Archive for the ‘Film’ Category

New Nanovic Fellow Film

Posted on February 27, 2014 in Film

germany-morel Olivier Morel, Assistant Professor of Romance Languages and Literatures and Film, Television & Theatre, will soon release a new documentary, entitled GERMANY: as told by writers Christoph Hein, Wladimir Kaminer Emine Sevgi Özdamar and Bernhard Schlink.

Marked by very different backgrounds (East Germany, Russia, Turkey, and West Germany, respectively), these influential writers are key figures whose works bear witness to a new way of depicting Germany’s trauma in modern literature and culture. Their work is also part of the move in contemporary German literature towards transnationalism, reflecting Germany’s transition toward an increasingly multicultural, multiethnic, and multilingual society. Its contemporary literature increasingly looks beyond the geographic limits of the German state.

The film’s world premiere took place on February 21, 2014 in New York City, which was attended by Professor Morel, along with featured writer Bernhard Schlink and two of the protagonist-writers of the film.

The film is set to premiere on television on the European channel ARTE next fall.

Morel’s films include the award-winning documentary On the Bridge (2011), The Twentieth Century, three survivors (1999), The Last from World War I (2000), and Farewell 14 (2006). He is also the author of Visages de la Grande Guerre (1998), Berlin Légendes (2014), as well as a graphic novel, Revenants (with drawings by Maël, 2013).

Steinbichler at Notre Dame

Posted on March 9, 2012 in Film, Social and Political Geographies, Students

Hans Steinbichler just spent a few days with us to discuss his work and present his new film, DAS BLAUE VON HIMMEL (“Promising the Moon”). We are still getting excited emails from faculty and students who met him and were inspired by his film and his combination of passion and intelligence.

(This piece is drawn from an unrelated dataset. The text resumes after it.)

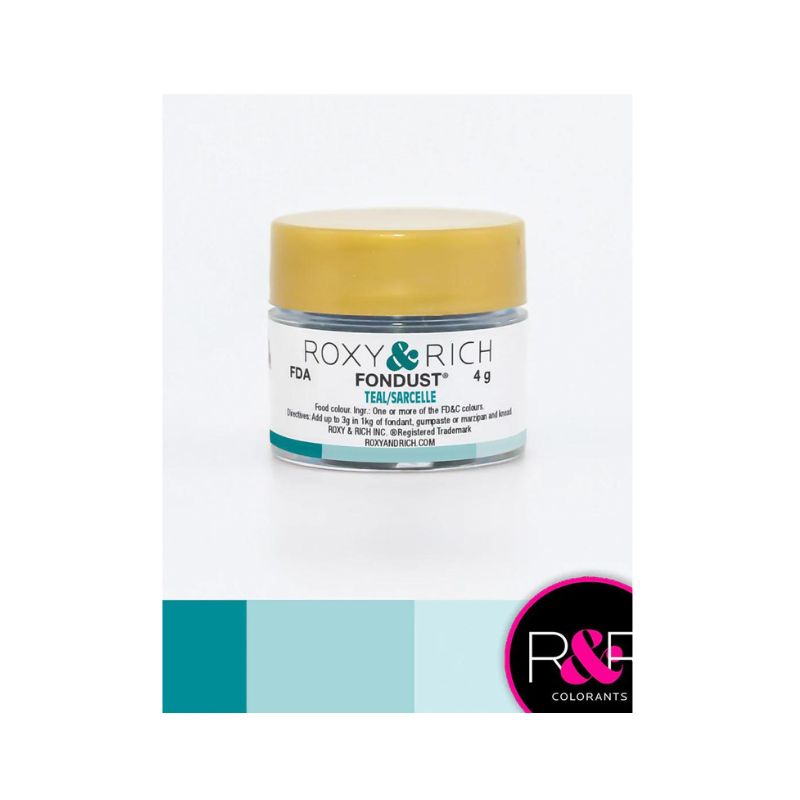 Container with gold lid and white label that has roxy & rich Fondust Teal writing on and blocks on the bottom with different shades of teal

Hans had been here ten years ago to make a short film about Vittorio Hösle, a philosopher from Germany who has now been at Notre Dame for many years. Returning after a decade, he marveled at the tools and resources available at Notre Dame. But more than that, he felt inspired by the community of students and scholars who explored so eagerly with him the history and complexity of Heimat (roughly, the concept of “home” as in “homestead” or “homeland”), the relationship between memory and forgiveness, of history and place, of legacies in German film, of acting and filmmaking technique, and the potential of film as a medium, especially at a university. In short, Hans excited everyone who met him.

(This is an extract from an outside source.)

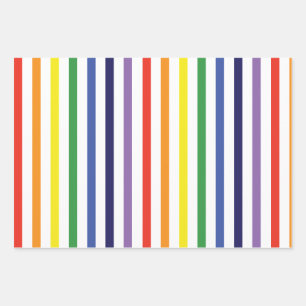 Rainbow Stripes and Blue Diagonals Wrapping Paper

We look forward to seeing him and his work at Notre Dame again soon.

Michelangelo Frammartino

Posted on March 2, 2012 in Events, Film, Opinion, Religion & Secularization

Every semester the Nanovic Institute organizes a European film series which galvanizes what has come to be a sizable audience. Last semester, the series was guest curated by film producer Leslee Udwin (a friend of the Institute) and focused on Europe, Beyond Borders. This semester, as is our practice  every other semester, we pull together a Best of Recent European Film to keep the series fresh and current.

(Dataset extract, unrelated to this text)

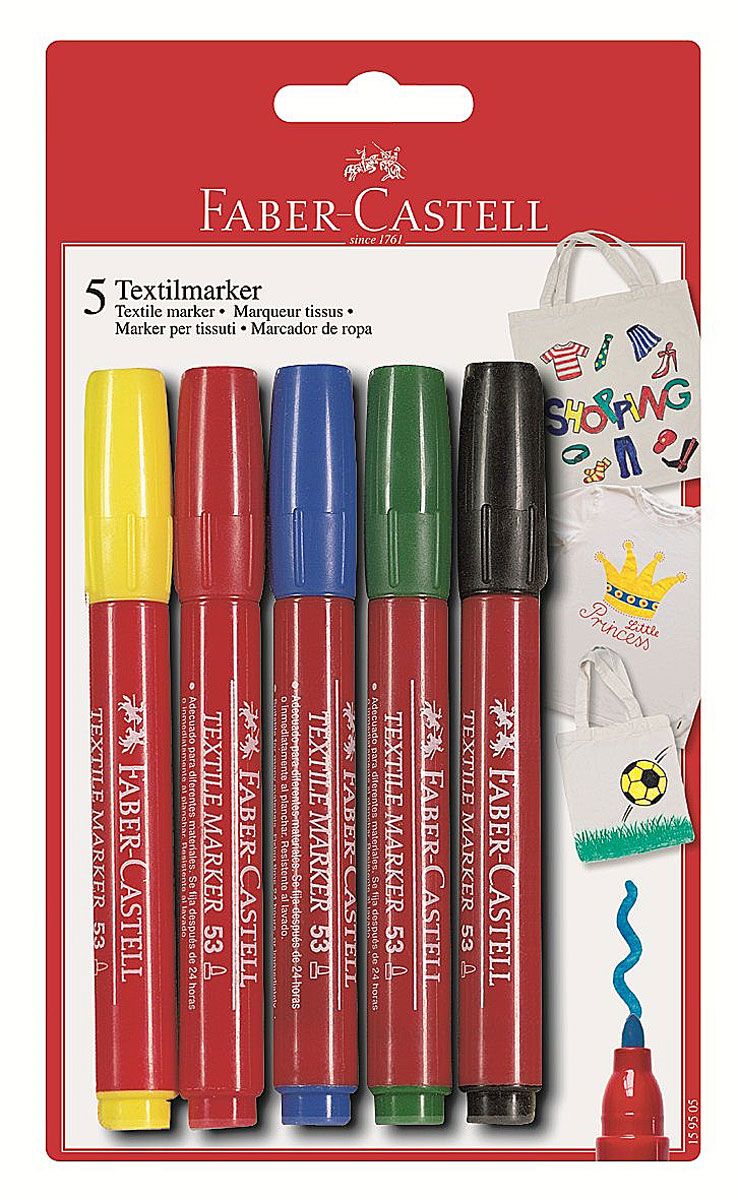 Faber-Castell Фломастеры для декорирования ткани 5 цветов159505 Faber-Castell Фломастеры для декорирования ткани 5 цветов159505Фломастеры Faber-Castell предназначены для декорирования по ткани. Нужно просто нарисовать необходимый узор на ткани. Для сохранения цветов оставить сохнуть 24 часа, или сразу же стабилизировать заглаживанием цветов на обратной стороне ткани утюгом при температуре 60° C. Перед нанесением ткань необходимо выстирать. Рисунок можно наносить на разные виды ткани. В комплекте 5 фломастеров: желтый, красный, зеленый, синий, черный.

The first film of this semester was Michelangelo Frammartino’s QUATTRO VOLTE (“The Four Times”).

ND Italianists, always in piazza, were out in full force for this one. John Welle (Professor of Italian) gave a gentle introduction which set the tone for this unusual film, which is nearly silent, poetic, and has no human dialogue. Frammartino’s use of Pythagoras’s theory of the fourfold transmigration of the soul (hence the title) made me care about the shepherd, the sheep, the tree, and (yes) charcoal. How is this possible? By following how one is shown to mingle with the other.

There is something medieval about this film, not only in its intuition of the Great Chain of Being, but also in its cinematography. Several fixed-camera shots are composed so that you follow movement on the screen as if you were following a narrative placed on a two-dimensional surface, as in a gothic painting. Frammartino’s shots are beautifully composed. I wouldn’t be surprised if many were consciously or unconsciously arranged in Golden Sections. (He does have a background in architecture.) You have to watch the film in a different way. It is organized by repetition. Props to Frammartino for taking these kinds of risks.

It’s great for students looking for fresh ways of thinking about the kind of experience one can have in a cinema.